Sugar Lee (Vicki McLeod) has purchased a dilapidated church in the hopes of turning it into a spa. Her friends worry that she’s invested her nest egg in a money pit, but soon the place is christened the “Spa Dee Dah” and her business takes off. All would be fine, except that rival Bunny Sutherland (Catherine Butler-Cooper) wants the old church building for herself, and doesn’t mind pulling a few underhanded tricks to get it.
Additionally, Mavis (Jody Smith Strickler) is stuck in a loveless marriage, Nita (Jacqueline Jones) is constantly dealing with her son’s run-ins with the law, and Carlene (Jennifer Frank) has had three husbands who all died accidental deaths. Adding a bit of a love story, Sugar Lee’s high-school beau Bobby Dwayne (Richard Koch) has been hired to renovate the spa.
As you’d expect from a play partially penned by a writer and producer of “The Golden Girls,” the show feels much like an older sitcom. The plot is light, the ending is predictable, and the jokes follow a standard setup and punchline formula. That’s not to say it isn’t funny — a number of jokes are real zingers. Throwing ornery barbs left and right, Strickler is the highlight.

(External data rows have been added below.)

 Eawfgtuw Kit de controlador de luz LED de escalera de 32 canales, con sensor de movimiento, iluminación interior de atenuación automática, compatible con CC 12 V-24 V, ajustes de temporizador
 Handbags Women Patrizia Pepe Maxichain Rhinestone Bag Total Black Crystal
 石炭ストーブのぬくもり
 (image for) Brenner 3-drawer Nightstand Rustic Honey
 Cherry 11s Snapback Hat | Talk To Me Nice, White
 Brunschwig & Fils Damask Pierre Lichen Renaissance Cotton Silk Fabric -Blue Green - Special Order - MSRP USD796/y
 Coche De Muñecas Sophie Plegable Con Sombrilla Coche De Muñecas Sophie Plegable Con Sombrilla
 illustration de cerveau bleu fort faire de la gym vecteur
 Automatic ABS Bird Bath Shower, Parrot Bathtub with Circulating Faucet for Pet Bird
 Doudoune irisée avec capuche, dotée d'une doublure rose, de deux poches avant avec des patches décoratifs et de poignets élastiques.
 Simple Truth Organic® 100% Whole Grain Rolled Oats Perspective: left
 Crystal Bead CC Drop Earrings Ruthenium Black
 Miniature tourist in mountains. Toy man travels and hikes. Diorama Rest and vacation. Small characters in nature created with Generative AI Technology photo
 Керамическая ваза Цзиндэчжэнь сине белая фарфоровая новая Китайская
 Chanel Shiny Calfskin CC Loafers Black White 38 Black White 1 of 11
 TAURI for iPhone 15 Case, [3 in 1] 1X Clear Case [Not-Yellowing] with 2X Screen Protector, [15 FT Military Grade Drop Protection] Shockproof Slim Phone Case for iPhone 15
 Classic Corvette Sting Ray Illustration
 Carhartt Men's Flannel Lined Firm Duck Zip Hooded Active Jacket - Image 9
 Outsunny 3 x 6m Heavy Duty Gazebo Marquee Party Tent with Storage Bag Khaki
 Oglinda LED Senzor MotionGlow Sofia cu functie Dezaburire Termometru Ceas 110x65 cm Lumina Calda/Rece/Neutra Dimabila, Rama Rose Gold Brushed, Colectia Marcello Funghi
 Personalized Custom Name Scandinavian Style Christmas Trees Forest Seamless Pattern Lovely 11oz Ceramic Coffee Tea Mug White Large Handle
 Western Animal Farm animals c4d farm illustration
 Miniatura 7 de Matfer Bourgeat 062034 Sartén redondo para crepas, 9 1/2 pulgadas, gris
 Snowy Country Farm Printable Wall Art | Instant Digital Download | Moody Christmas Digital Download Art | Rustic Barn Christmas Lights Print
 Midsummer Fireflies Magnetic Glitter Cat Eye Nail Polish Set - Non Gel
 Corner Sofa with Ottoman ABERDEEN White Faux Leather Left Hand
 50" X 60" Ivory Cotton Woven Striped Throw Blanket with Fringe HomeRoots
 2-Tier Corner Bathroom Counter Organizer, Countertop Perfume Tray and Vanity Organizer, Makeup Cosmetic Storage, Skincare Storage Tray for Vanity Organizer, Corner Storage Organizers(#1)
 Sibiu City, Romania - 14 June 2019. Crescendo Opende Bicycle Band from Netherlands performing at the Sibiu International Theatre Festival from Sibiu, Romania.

Keeping with the sitcom feel, the show features two wacky minor characters: the holiday-obsessed Crystal (Joy Williams) and the Urkle-esque mailman Porter (Mike White). As Porter, White has an overly exaggerated laugh, and takes up just enough stage time before the character becomes annoying. Unlike the other women in the show, Crystal has no story; she’s there mainly to dress up in holiday-themed costumes like Uncle Sam and act zany. At one point she inexplicably dresses in a Japanese kimono to celebrate Chinese New Year, but luckily any stab at representing Asian culture stops there.
Though it lacks some of “Dixie Swim Club’s” heart — and can get fairly corny at times — it’s still pretty funny. If the opening-night audience is any indication, it’ll sell quite a few tickets.